Kadın Örgütlerinin Selçuk'a verdiği yanıt aslında Türkiye gerçeklerine parmak basmakta ve özellikle son yıllarda yaşanan bu gerçeği gözler önüne sermektedir. Ülke geneline bakıldığında en başta siyasiler olmak üzere karşı taraftan (kendilerine muhalif olan kesimden) gelen her türlü eleştiri, açıklama, proje veya fikir gibi olguları saldırı şeklinde algılamakta. Bunun sonucunda ise kimse kendi yaptığı ve yapacağı iyi ve doğru işleri gerektiği gibi savunamamakta ve kendi içinde bulunduğu münazara hissi ile çözüm üretememekte.

Geriye doğru baktığımızda kadın cinayetleri ile ilgili istatistikler 2009 yılından bu yana Adalet Bakanlığı tarafından paylaşılmamaktadır. Var olan sayılar zamanında göz korkutmuş ve Türkiye gerçeğini yansımıştı. Şimdi ise yine sayılar korkutmasın diye "yok efendim, her kadın ölümü, her intihar kadın cinayeti değildir" deniyor. 

Peki. O zaman biz de sayılar üzerinden giderek durumu o şekilde izahat edelim. Sayın Bakan, o halde her tecavüz ve istismar kadın cinayeti değildir ancak onlara yeryüzünde cehennemi yaşatmaktır. Özellikle Güneydoğu Anadolu Bölgesine bakıldığında genç kadınların fazlasıyla intihar haberlerini görüyoruz. Bu kadınların başlarına gelenlerin yanı sıra, aile ve toplum baskısı, devletin ve polisin yanlarında durmaması, en önemlisi de  şikayet etmeye korkar olmaları onların son çare olarak canlarına kıymayı seçmelerine sebep olmuyor mu? 

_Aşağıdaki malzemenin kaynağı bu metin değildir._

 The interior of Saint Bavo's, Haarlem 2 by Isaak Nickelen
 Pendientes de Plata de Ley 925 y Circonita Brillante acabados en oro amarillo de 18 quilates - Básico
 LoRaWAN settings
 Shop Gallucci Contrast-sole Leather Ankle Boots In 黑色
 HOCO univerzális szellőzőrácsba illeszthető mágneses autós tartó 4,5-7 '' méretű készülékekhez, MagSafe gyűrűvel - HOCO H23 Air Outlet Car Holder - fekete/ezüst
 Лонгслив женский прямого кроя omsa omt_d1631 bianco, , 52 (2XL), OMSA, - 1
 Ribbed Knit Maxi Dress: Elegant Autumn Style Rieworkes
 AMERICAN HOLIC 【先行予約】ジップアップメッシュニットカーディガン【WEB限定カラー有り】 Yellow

TÜİK verilerine bakılıp yola çıkıldığında Türkiye'de her gün 9 ile 10 kişinin kendi hayatını sonlandırdığını görmekteyiz. Bu veriler TÜİK ve bakanlıklar tarafından kategorilere ayrılmış şekilde; öğrenim başarısızlığı, ticari başarısızlık, hastalık, aile geçimsizliği, geçim zorluğu, hissi ilişki ve kendi istediği ile evlenmeme, bilinmeyen ve diğer. 2012 yılı bilinmeyen kategoriye bakıldığında intiharlar %53, 1 şeklinde. Yani Türkiye'de intihar sebeplerinin %53,1'i raporlanamıyor ve nedenleri belirsiz. Gerekçesi belirtilmeyen intiharlar 2018 yılında 1.555 olarak kaydedilmiş. Yine 2018 yılı intihar sebepleri başlığı altında bulunan ve diğer kategorisi ile gösterilen veri oranı %27 olarak mevcut. Kategoriler arasında ne bir istismar ne de tecavüz boyutu var. Hatta toplum baskısı ile ilgili bir içerik bulunmaması da ayrı bir problematik. 

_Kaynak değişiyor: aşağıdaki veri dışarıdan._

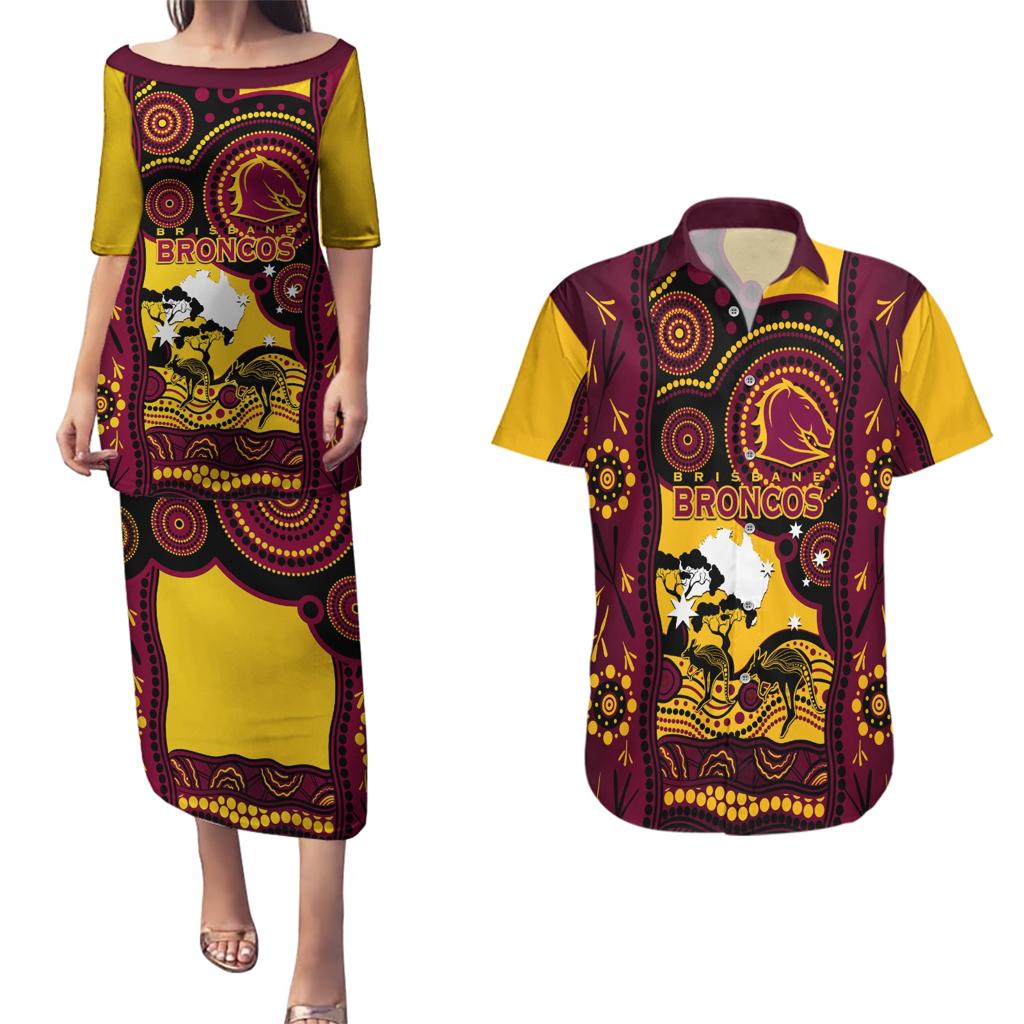 Custom Australia Day Brisbane Broncos Couples Matching Puletasi and Hawaiian Shirt NRL 2024 Australian Map Proud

Buna benzer tüm sorunlar elbette ki sadece Türkiye'de mevcut değil. Dünya genelinde bu sorunlar malesef ki kendini göstermeye devam ediyor. 

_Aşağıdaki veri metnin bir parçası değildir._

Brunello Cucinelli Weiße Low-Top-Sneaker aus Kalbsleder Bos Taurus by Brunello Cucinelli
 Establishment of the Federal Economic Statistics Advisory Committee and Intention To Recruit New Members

Ünlü psikanaliz ve nörolog Sigmund Freud tecavüz ve tacizin geldiği nokta olarak aile ortamını göstermişti. Bu görüşe uzun bir süre karşı çıkılmıştı ancak işin çok büyük boyutlara ulaşması ile Alman Tabipler Derneği konu üzerine özellikle 1980'lerde tartışma içeren dergilerde konuya ilişkin eleştirel yazılar yazmıştı. Bu tartışma ve yazılardan sonra yaş ortalaması 9 olan kız çocuklarının evlerinde baba ve ağabeyleri tarafından istismar edildikleri şeklinde acı bir gerçek ortaya çıkmıştı. 

Olay ve olguların hepsine bakıldığında şu sonuç ortaya çıkmakta; bir kadının hayatını sonlandırması için illa onu öldürmek gerekmiyor. Sadece cinayet verileri ile bu sonuca ulaşılamaz. Olay aslında sosyolojiktir ve oldukça da büyük bir süreci kapsamaktadır. Aile içi istismar, baskı ve cinayetlerin bu seviyelerde seyretmesine rağmen Aile Bakanlığı gerçekten halen neyin muhalefetini yapmaktadır?